Output the data below line for line, exactly, up to and including the line where "Room 10 of 85" appears.

## STUDY MATERIAL
■ ■ ■ ■ ■ ■ ■

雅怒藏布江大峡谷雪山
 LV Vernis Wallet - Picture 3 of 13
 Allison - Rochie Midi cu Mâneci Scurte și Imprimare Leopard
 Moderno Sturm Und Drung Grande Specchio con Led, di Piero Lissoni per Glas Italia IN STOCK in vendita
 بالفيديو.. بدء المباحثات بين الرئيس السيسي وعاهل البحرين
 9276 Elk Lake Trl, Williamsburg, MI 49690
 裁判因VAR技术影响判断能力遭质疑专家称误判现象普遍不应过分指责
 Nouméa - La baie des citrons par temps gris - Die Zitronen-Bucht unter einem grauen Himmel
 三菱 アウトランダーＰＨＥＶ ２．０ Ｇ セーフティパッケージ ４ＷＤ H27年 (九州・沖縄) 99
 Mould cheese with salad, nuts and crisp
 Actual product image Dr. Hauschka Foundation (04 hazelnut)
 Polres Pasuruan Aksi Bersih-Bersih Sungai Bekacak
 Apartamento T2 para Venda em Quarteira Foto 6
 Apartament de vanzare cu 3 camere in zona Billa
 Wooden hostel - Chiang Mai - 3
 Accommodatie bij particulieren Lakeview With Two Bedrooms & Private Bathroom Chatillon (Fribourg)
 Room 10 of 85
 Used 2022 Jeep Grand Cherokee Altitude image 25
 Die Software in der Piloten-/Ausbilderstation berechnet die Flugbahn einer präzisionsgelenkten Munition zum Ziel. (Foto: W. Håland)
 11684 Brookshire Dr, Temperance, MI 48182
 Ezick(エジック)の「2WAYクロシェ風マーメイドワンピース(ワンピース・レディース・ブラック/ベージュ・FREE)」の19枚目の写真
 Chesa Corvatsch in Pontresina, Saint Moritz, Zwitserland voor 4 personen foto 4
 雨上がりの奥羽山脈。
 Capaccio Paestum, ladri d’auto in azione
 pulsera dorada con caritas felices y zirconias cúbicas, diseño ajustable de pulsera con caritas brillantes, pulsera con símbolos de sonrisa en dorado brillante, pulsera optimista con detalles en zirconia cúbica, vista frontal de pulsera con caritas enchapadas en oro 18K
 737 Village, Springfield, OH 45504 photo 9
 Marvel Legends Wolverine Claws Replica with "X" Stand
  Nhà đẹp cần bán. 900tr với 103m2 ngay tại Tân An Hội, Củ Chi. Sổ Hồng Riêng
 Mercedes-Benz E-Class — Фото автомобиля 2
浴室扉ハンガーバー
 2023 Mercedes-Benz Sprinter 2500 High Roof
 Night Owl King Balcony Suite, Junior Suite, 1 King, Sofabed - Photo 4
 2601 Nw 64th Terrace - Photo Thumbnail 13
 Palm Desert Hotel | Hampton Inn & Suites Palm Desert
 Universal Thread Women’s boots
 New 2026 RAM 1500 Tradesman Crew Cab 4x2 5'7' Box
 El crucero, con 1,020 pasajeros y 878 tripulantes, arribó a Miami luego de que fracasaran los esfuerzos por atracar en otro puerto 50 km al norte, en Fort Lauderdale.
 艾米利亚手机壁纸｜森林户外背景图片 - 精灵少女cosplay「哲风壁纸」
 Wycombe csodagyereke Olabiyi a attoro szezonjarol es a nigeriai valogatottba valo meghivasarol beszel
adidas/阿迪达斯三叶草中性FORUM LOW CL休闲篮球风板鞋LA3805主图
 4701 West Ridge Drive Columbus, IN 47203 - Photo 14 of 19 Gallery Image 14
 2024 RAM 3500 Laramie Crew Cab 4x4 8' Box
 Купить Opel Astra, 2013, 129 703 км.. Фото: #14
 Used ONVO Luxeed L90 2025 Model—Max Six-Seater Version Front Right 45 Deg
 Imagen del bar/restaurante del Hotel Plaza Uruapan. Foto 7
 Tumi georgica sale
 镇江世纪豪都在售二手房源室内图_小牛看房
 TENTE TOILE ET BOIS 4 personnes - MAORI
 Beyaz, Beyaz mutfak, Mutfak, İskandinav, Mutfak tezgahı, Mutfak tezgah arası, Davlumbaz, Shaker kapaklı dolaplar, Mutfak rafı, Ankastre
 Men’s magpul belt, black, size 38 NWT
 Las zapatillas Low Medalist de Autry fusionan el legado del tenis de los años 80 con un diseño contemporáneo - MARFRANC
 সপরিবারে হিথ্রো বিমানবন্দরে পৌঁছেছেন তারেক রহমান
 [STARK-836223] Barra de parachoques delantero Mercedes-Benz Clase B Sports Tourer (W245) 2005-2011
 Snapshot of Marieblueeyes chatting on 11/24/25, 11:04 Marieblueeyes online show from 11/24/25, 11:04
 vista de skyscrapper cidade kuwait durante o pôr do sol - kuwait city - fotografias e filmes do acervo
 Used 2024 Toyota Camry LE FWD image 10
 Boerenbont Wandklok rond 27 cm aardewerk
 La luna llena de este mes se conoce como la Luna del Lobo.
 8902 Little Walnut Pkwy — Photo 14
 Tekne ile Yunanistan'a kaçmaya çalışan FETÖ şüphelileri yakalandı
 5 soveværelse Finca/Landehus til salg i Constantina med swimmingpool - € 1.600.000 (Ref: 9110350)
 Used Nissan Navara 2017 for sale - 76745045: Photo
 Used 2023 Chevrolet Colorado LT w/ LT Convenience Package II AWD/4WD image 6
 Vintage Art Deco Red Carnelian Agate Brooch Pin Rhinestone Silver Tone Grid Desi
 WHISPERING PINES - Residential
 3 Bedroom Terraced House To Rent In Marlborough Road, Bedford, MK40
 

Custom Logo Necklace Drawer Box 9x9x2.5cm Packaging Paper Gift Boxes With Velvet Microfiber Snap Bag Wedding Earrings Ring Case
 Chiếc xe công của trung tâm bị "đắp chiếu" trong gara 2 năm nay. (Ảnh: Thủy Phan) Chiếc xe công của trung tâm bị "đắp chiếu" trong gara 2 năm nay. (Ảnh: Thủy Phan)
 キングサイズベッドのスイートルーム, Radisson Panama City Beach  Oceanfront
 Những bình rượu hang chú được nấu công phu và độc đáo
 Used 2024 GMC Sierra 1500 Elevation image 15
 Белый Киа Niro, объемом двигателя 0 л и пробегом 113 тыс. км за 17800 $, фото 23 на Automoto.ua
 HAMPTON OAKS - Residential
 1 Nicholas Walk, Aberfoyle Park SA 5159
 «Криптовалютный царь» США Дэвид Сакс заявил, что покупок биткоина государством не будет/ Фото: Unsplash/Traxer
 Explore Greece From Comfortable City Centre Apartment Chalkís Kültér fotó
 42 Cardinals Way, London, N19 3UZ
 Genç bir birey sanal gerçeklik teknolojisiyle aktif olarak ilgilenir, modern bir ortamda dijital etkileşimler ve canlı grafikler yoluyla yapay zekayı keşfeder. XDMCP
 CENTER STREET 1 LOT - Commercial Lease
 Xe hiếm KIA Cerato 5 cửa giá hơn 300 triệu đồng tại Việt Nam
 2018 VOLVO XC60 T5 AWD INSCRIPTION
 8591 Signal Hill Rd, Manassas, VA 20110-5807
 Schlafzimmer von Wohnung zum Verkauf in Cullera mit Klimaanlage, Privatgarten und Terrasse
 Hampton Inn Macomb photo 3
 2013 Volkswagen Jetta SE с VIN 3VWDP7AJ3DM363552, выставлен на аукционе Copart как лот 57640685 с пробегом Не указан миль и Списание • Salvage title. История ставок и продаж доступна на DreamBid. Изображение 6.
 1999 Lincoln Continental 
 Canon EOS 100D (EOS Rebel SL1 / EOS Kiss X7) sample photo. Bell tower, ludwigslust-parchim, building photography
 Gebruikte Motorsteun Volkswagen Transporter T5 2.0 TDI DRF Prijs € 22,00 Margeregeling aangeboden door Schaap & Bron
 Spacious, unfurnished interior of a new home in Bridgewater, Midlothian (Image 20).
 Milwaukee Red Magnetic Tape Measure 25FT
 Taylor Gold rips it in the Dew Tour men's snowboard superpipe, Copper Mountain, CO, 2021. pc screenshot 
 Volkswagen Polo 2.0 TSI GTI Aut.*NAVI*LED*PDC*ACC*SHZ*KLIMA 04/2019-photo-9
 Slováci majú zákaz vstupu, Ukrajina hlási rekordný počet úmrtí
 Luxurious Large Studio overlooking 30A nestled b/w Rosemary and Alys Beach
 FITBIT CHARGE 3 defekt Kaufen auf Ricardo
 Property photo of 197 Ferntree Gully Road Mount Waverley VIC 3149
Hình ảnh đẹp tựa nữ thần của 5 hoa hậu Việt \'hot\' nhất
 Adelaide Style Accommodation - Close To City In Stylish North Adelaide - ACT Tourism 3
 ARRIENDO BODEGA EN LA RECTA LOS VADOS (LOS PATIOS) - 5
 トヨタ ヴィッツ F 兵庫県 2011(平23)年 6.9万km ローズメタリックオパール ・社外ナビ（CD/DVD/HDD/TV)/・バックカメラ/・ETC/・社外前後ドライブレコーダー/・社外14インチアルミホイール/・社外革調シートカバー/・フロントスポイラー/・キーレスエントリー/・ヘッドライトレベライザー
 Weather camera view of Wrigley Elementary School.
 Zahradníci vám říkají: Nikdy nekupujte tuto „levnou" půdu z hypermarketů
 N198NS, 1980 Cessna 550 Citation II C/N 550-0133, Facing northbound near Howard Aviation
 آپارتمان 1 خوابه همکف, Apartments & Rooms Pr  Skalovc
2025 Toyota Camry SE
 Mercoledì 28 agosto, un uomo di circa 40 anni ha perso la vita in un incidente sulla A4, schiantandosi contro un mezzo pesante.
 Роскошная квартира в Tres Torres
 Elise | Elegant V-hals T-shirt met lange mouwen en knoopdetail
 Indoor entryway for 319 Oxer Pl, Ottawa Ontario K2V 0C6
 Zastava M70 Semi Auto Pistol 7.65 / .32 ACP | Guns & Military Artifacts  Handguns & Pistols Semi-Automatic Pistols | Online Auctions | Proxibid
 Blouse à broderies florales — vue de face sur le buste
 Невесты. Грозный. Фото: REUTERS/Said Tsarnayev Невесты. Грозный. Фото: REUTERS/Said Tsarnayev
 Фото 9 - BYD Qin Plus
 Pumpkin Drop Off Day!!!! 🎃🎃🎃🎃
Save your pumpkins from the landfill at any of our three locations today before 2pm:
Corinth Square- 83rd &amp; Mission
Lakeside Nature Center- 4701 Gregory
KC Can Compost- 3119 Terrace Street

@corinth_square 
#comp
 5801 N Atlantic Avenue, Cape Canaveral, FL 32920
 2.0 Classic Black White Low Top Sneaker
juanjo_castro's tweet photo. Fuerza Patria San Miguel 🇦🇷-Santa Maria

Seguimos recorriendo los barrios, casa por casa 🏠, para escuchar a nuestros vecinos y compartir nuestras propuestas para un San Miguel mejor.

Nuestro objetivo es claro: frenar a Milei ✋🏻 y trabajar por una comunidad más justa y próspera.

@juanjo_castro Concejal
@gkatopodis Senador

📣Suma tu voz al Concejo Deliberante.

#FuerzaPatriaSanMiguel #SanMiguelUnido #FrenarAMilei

■ ■ ■ ■ ■ ■ ■

## RESULT OF THIS EXERCISE
雅怒藏布江大峡谷雪山
 LV Vernis Wallet - Picture 3 of 13
 Allison - Rochie Midi cu Mâneci Scurte și Imprimare Leopard
 Moderno Sturm Und Drung Grande Specchio con Led, di Piero Lissoni per Glas Italia IN STOCK in vendita
 بالفيديو.. بدء المباحثات بين الرئيس السيسي وعاهل البحرين
 9276 Elk Lake Trl, Williamsburg, MI 49690
 裁判因VAR技术影响判断能力遭质疑专家称误判现象普遍不应过分指责
 Nouméa - La baie des citrons par temps gris - Die Zitronen-Bucht unter einem grauen Himmel
 三菱 アウトランダーＰＨＥＶ ２．０ Ｇ セーフティパッケージ ４ＷＤ H27年 (九州・沖縄) 99
 Mould cheese with salad, nuts and crisp
 Actual product image Dr. Hauschka Foundation (04 hazelnut)
 Polres Pasuruan Aksi Bersih-Bersih Sungai Bekacak
 Apartamento T2 para Venda em Quarteira Foto 6
 Apartament de vanzare cu 3 camere in zona Billa
 Wooden hostel - Chiang Mai - 3
 Accommodatie bij particulieren Lakeview With Two Bedrooms & Private Bathroom Chatillon (Fribourg)
 Room 10 of 85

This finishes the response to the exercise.